You Can't Buy Body Positive


Recently, plus-sized clothing company Lane Bryant came under fire in response to their recent #ImNoAngel marketing dig at Victoria's Secret. What they assumed would be a "body positive" ad campaign, featuring plus-sized models celebrating what makes them feel sexy, turned into a hot Twitter mess, as bitter women from all over unleashed a barrage of criticism in 140 characters or less. 

Come on Lane Bryant, most companies know better than to open the Q & A on Twitter. It never goes well. 

At first, there were complaints that the clothing is cheaply made, unstylish, and too expensive. Okay, That's fair. (I think, I've never shopped there on account of being more of a dwarf than an Amazon.)

...And then the body image complaints rolled in: You don't hire fat people in your stores, your mannequins are too small, the plus-sized models you hired are not fat enough, you hired Wendy Williams and she said to stop using food to feel good.... On and on. One woman even tweeted When are you going to humanize fat people? ... Wait, what?
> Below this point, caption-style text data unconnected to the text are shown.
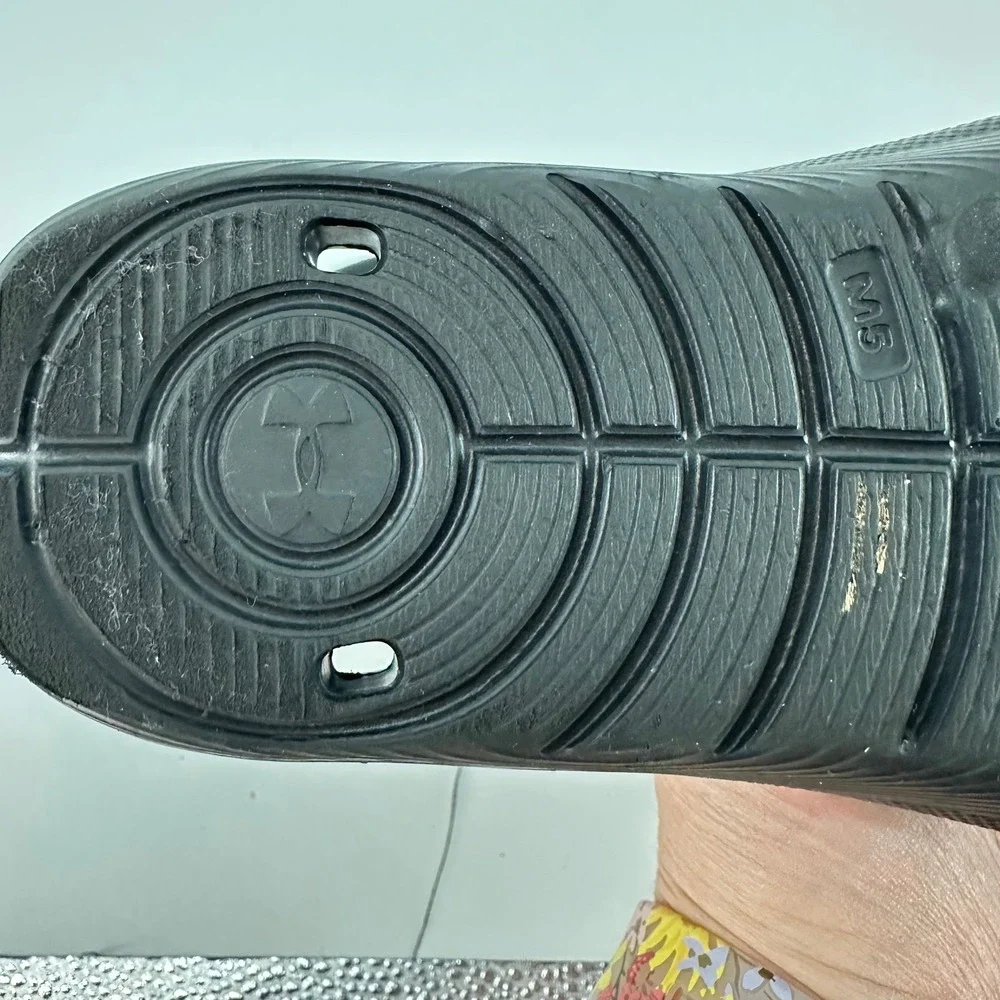 Under‎ Armour Slides Sandals Athletic Comfort Casual Black Logo Mens Size M5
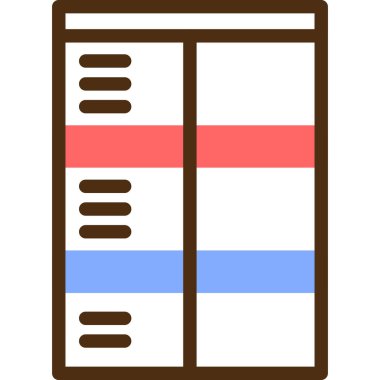 Abaküs. Web simgesi basit illüstrasyon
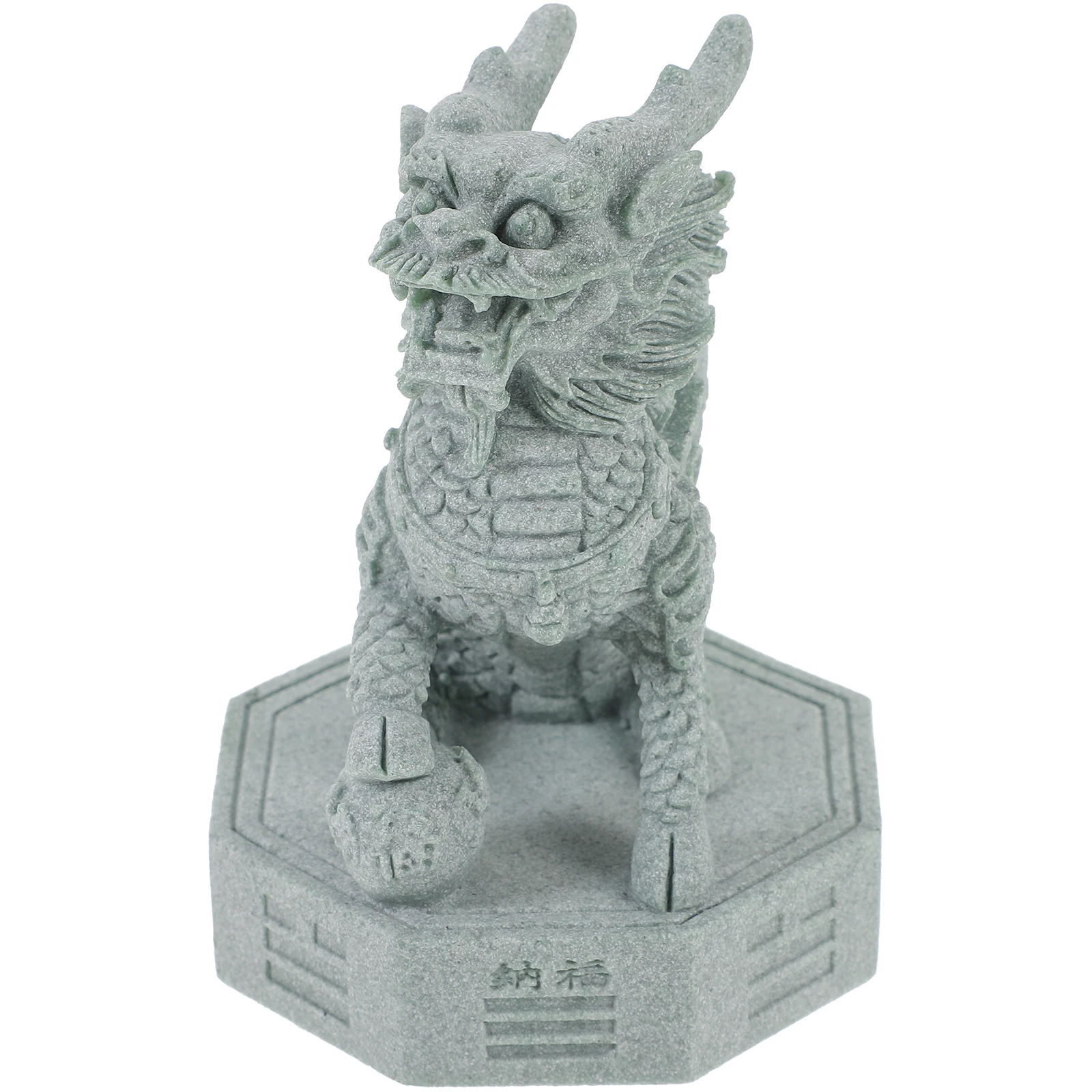 

1pc Kylin Statue Sculpture Animal Desktop Garden Ornament Gift For Wedding Anniversary Festival Chinese Culture Lover Exquisite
But it didn't stop there. The skinny girls took their turn to beat on Lane Bryant with their skinny sticks. You are criticizing skinny girls for their body shape, skinny girls are sexy, too, all bodies should be celebrated... etc. 

Sorry, Layne Bryant, but you just can't win because, apparently, all women - big and small -  are fundamentally fucked up about their body image. And they blame you for not making them feel good. 

And all the while, these poor models are being raked over the coals for being both too fat and too skinny by a demented society that promotes looks over performance to define self-esteem. 


So, you expect to be celebrated but the plus-sized models in this campaign are too skinny to be considered "real"? 


Ladies, gather 'round and take a knee. It is not the job of Lane Bryant or Victoria's Secret to make you feel good about yourself. The gig is up. Marketing serves two purposes: one, to make you feel just inadequate enough to create a need, and, two, to make you feel just hopeful enough their product can fill this need and make you whole an happy. The goal is to make yourself whole and happy so that your self-esteem doesn't hinge upon seeing someone who looks exactly like you in a magazine or on a billboard. Let's get real. Many women - not just the fat ones - are left out of standard sizes and ad campaigns.

Muscled women are only glorified in small circles on Instagram. Otherwise it's, you don't want to get too bulky! Or, yuck! That's mannish! Most fitness ads feature women with twig arms curling 5 pound dumbbells. In the movies, you see girls built like Angelina Jolie knocking grown men out and being tough as hell, when they could have used women that at least look like they could go a few rounds without snapping in half. Am I complaining? (Well, I have been known to roll my eyes a bit, but...) No. I am awesome because I lift heavy stuff and grapple dudes every day. My self-worth is in what I do with my body, not what Hollywood or the fitness industry says it should look like. 

And guess what? This petite bitch can't fit into "regular" clothes, either. My shoulders and back are too big, my waist is too thick, my thighs are too small, and I am clearly too short to be considered an actual adult. I cannot wear anything off the rack that doesn't contain at least 30% lycra. Am I complaining? (Well, sometimes I get upset that I don't fit right in anything except gym attire, but...) No. I am awesome because I am a good friend and I encourage people to be the best versions of themselves they can. My self-worth is in who I am as a person, not the all-too generalized sizing of a lingerie set.

But the crux of the biscuit isn't simply the ad campaign. It's about celebrating (as one Twitter user put it) size 22 and up as being sexy and beautiful. Apparently sizes 14-20 aren't big enough to count. Anyone who reads me regularly knows I will never fat shame here and I believe your size does not define your self-worth. However, I won't pretend that obesity isn't an epidemic which causes a staggering amount of chronic disease and disability in this country. 

And I think that is why the Lane Bryant backlash upsets me. The internet is full of people sitting on their asses and demanding satisfaction. Get the f*ck up and get it yourself. If you want to feel beautiful, BE BEAUTIFUL. No marketing team on this earth can do that for you.

If you want to be "body positive," don't lie around waiting for someone to pay you compliments - TAKE CARE OF YOUR BODY.


Move your body, don't doom it to stagnation. Feed your body foods that nourish it, not foods that destroy it. Chasing goals and smashing PRs will do more for you than a pair of jeans or an advertisement ever will. You can't buy beauty. You can't demand someone give you self-esteem. Go climb a mountain, run a race, test your mettle. Don't destroy your body, normalize it, and call that "positive." If you want to feel positive about your body, getting fit is the absolute best way to do it. Fit isn't a size, it's not a weight - it's ability, strength, and endurance. You can't get more "body positive" than making your body healthy, pushing it to achieve, and being the best you can be.